The iPhone does not have much of a traditional home screen. There is one, but you rarely see it. The phone will only display the home screen when it is woken from sleep after a long period of inactivity. Nothing is displayed on this screen except for the time and your wallpaper (or cover art if music is playing). (The only other place you see your wallpaper is during a call, so you don't see it much.)
The main menu is much more of a home screen as the home button takes you there and it serves as the launcher for every application. You cannot move the applicaton icons around on the main menu. This is also where all your new messages and missed events are summarized as red numbers on the icon of each application.

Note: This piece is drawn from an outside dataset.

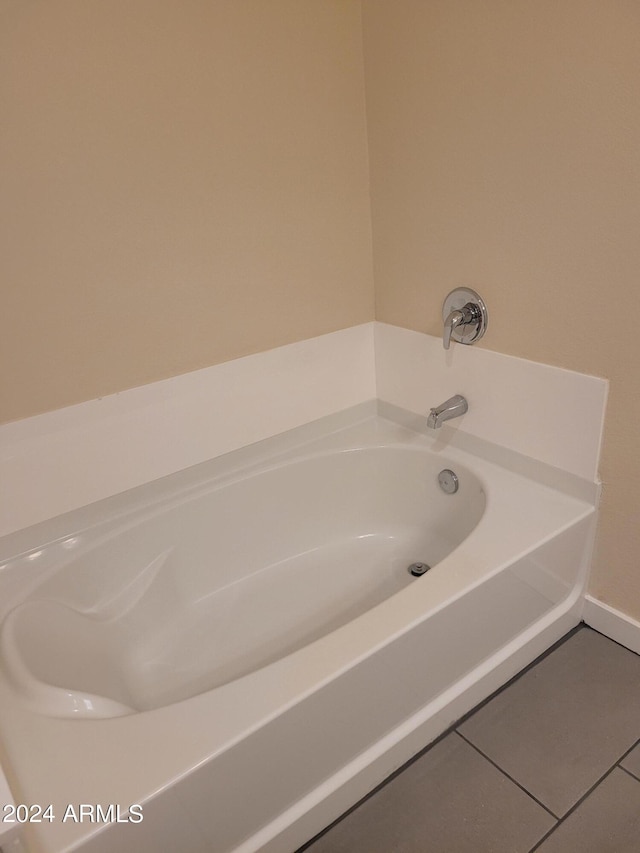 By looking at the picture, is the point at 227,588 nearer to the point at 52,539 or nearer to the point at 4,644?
the point at 52,539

Most applications "maintain state" so that if you do something else and then come back, you're right where you left off. This is true for SMS, Phone, Mail, Safari, and even widgets like Clock, Maps, Stocks and YouTube. The camera is an exception, but it makes sense; hitting the camera icon always starts the viewfinder so you can take a spur-of-the-moment photo right away. There are a couple of oddball exceptions, though: Photos and Weather. They always take you to their default screen, not the last photo or city you were on.
Another way of thinking about it is that most applications keep running in the background even after you go to the main menu and do something else. The iPod application, for example, keeps playing music flawlessly in the background while you do other things. It doesn't miss a beat while browsing the web or even taking photos, something we've never seen before. Since pressing the home button doesn't "quit" the application you're in, the main menu effectively serves as an application switcher for multi-tasking. Hitting the "sleep" button on top of the iPhone is the same way. Everything stays exactly where you left it; even the music keeps playing.
You can even do other things while you're on a call, unless they require a data connection.
Notifications such as incoming texts, missed calls and alarms are also displayed in a blue box that floats over the current screen when they come in. So you can see them from the home screen (or any other screen) if you wake the phone up to use it or check the time. When the screen is off, there is no way to tell you have missed messages as there are no indicator lights on the iPhone at all.
It takes about a day to get used to hitting the home key to exit out of an application and return to the main menu. It's similar enough to hitting the end key on most phones that you can adapt to it. There is a back button in the upper left hand corner of certain applications to take you one step further up. Most applications also have some sort of edit or option button in the upper right corner and a row of icons on the bottom to navigate to important screens. These change from application to application but are all easy enough to figure out. There's also often a second row of entry fields and and buttons at the top of each application. Sometimes buttons look like buttons, other times they just look like icons on a navigation bar. Although it sounds like a bit of a jumble, we haven't yet found ourselves thinking "darn, where is that button."